El Kommandant no había tenido en cuenta siquiera la posibilidad de que ella pudiera disparar aquel chisme. El Konstabel Els actuó, por una vez, con mayor resolución y se arrojó al suelo. El que el sector de suelo que eligió estuviera ya ocupado por un gran doberman pinscher y que el perro decidiera disputar el derecho del Konstabel Els a echarse en él y el que, en realidad, todos los perros de Sudáfrica estén adiestrados para morder a personas de extracción negra y que el Konstabel Els era lo bastante mestizo para justificar la mordedura por sospecha, todo esto se lo perdió el Kommandant van Heerden cuando la señorita Hazelstone, apuntando ya al suelo ya al cielo, apretó el gatillo.

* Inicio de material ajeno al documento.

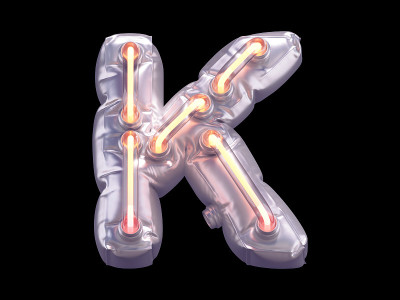 宇宙飞船霓虹灯字体。字母K。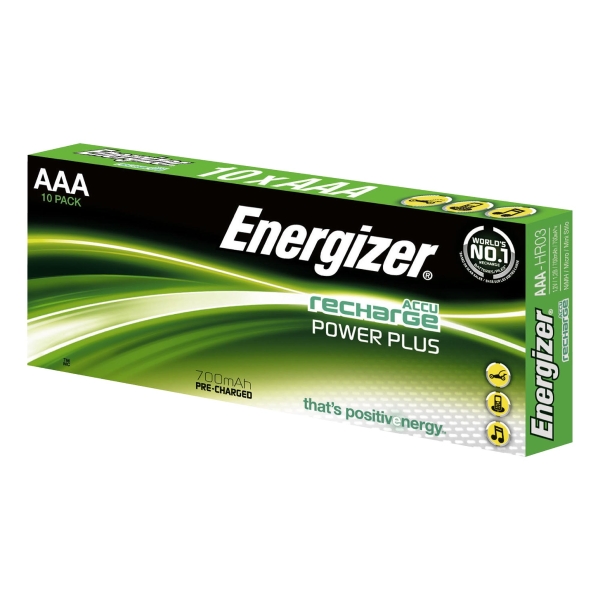 ENERGIZER RECHARGEABLE BATTERIES AAA 700MAH PRECHARGED - PACK OF 10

El Kommandant, que estaba de pie a metro y medio a la derecha de los cuatro cañones y casi al nivel de sus bocas y que, sólo un instante antes, había sido un ser humano racional en plena posesión de sus sentidos, se halló en lo que le pareció un burbujeo de llamas enormes y en rápida expansión. El mundo delicado del jardín, el cielo, los pájaros gorjeantes, incluso los chillidos de Els asediado por el doberman, desaparecieron todos. El Kommandant van Heerden experimentaba sólo ese silencio absoluto que hay en el corazón quieto de una explosión enorme. No había ni dolor ni ansiedad ni pensamiento, sólo la certeza absoluta, no de que estaba próximo el fin del mundo sino de que se había producido ya, irremisiblemente. Durante un instante breve e iluminador el Kommandant van Heerden experimentó la forma más elevada de comprensión mística, la disolución corporal total. Tardó un rato en volver al mundo de la sensación física, y cuando lo hizo ya no podía oír nada del trueno que estalló en Jacaranda Park y se expandió en dirección a los montes Drackensberg. Con los ojos vidriosos del sonámbulo despertado y el bigote chamuscado que resulta de situarse demasiado cerca de un gran cañón, contempló la escena que le rodeaba. No era una escena que pudiera tranquilizar a un hombre que dudaba de su propia cordura.
Los problemas del Konstabel Els con el doberman se habían exacerbado, por decirlo delicadamente, con la andanada. Era dudoso a cuál de los dos animales había enloquecido más el estruendo del rifle. El perro, que había mordido en un principio al Konstabel Els en el tobillo hasta el hueso, había transferido sus atenciones a la entrepierna del dicho Konstabel Els, y una vez allí había manifestado todos los síntomas del tétano. Els, conservador como siempre, y no teniendo nada más que morder que el trasero del doberman, estaba aplicando sus conocimientos, obtenidos en los interrogatorios de varios miles de africanos, de lo que él alegremente denominaba «rompehuevos», pero que en los informes de las autopsias de algunos de sus pacientes se denominaba contusiones graves en los testículos.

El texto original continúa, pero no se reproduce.